Web page caption snippets:
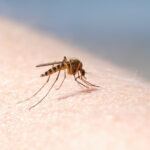 patru cazuri de infectie cu virusul west nile au fost inregistrate in aceasta vara in romania 689c118421339
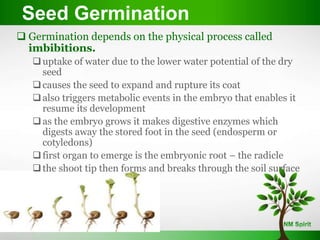  Germination depends on the physical process called
imbibitions.
uptake of water due to the lower water potential of the dry
seed
causes the seed to expand and rupture its coat
also triggers metabolic events in the embryo that enables it
resume its development
as the embryo grows it makes digestive enzymes which
digests away the stored foot in the seed (endosperm or
cotyledons)
first organ to emerge is the embryonic root – the radicle
the shoot tip then forms and breaks through the soil surface
Seed Germination
 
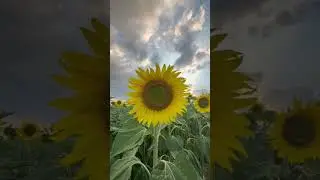 Before/After photo editing part-19 ||  #shorts #trending #viral #msgrapher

Work to complete:
Would you reproduce, exactly and with nothing added, every line from the beginning of the entries above through the line that contains "digests away the", both included, leaving out the pictures?

Your solution:
 patru cazuri de infectie cu virusul west nile au fost inregistrate in aceasta vara in romania 689c118421339
  Germination depends on the physical process called
imbibitions.
uptake of water due to the lower water potential of the dry
seed
causes the seed to expand and rupture its coat
also triggers metabolic events in the embryo that enables it
resume its development
as the embryo grows it makes digestive enzymes which
digests away the stored foot in the seed (endosperm or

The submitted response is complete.